ネガティブなことを書かなければならないというバイアス:モーニングページの書き方を見直す

Posted at 12/04/18

【ネガティブなことを書かなければならないというバイアス:生活の根幹であるモーニングページの書き方を見直す】

ずっとやりたかったことを、やりなさい。
ジュリア・キャメロン
サンマーク出版

今日はいい朝だ、ということをモーニングページに書いていてはっとした。

私はジュリア・キャメロン『ずっとやりたかったことをやりなさい』(原題The Artists' way)を読んでからずっとモーニングページをつけている。はっとしたというのは以下のようなことだ。

今朝のモーニングページから。(一部)

「4月18日(水)晴れ

今日という日を素晴らしい一日に出来ますように。

古楽の楽しみはヴィヴァルディ、大塚直哉さんだった。少しだけラジオ体操ができた。目が覚めたのは5時25分だったけど、少し二度寝して起きたら6時10分だった。

昨夜は寝る前にドリーン・バーチューを聞いた。

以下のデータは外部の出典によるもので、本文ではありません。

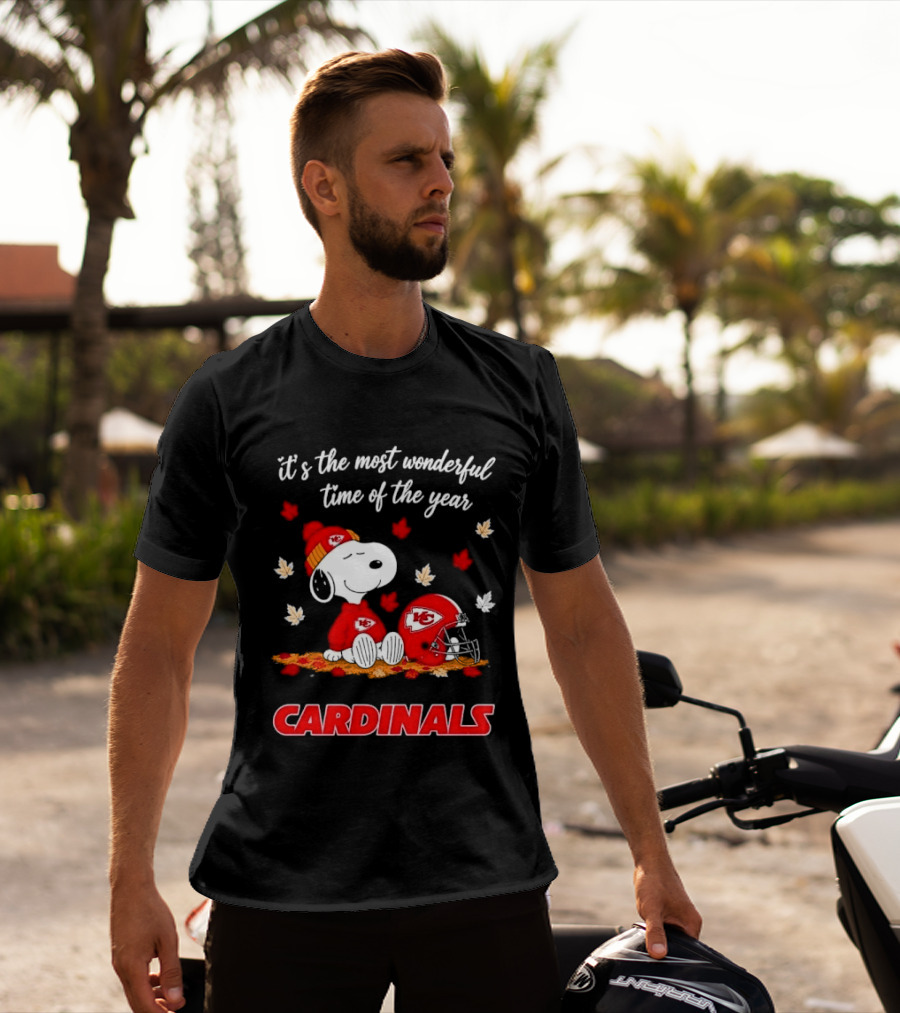 Kansas City Chiefs Snoopy Cardinals Autumn Leaves Helmet Wonderful Time Of Year T-Shirt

よかった。」

ここまで書いてはっとしたのだ。

実はいままで、こんなポジティブなことをモーニングページに書いたことはなかったのだ。この本を買ったのは2007年の10月だったが、それ以来ずっとモーニングページを書いているのでもう4年半になるわけだけど、今まで基本的にはモーニングページはネガティブなことを書くものだと思って、というか半ば思いこんでいたのだ。

それで、モーニングページを書こうとするときも、無意識のうちにマイナスのこと、ネガティブなことを探して書こうとするバイアスがかかっていたということに気がついたのだ。本来、「心に浮かんだことをそのまま書く」のが目的なので、当然なんだけど良いイメージを書いてもいいのだけど、今日そういうイメージを書いてみてすごく新鮮な感じがしたのだ。

ネガティブなことを書かなければいけない、というバイアスも考えてみたら変な話だ。なぜそんなことを思っていたのだろうとモーニングページを書きながら、また書き終えた後も考えていたのだけど、一つには自分の心の問題であり、もう一つは本の書き方の問題であると考えるに至った。

一つ目は、自分の心の中は暗いんだ、というこれは無意識の思い込みがあったということ。というか、事実相当暗い時期があったのは確かで、ブログなどでもそれを無視して強がりというか明るめの強めのことを書いていて行き詰ってきていた、つまり自分は強いんだ、強いはずだという思い込みにすがっていた相当弱々しい暗い時期があったということはあるのだ。しかし、最近はだいぶそれが回復してきていて、それなりに前向きに動けるようになってきているから、心の中も暗いばかりではなくなってきているのだけど、暗いこと、深刻なことを書かなければいけないという思い込みに縛られていたということに気がついたのだ。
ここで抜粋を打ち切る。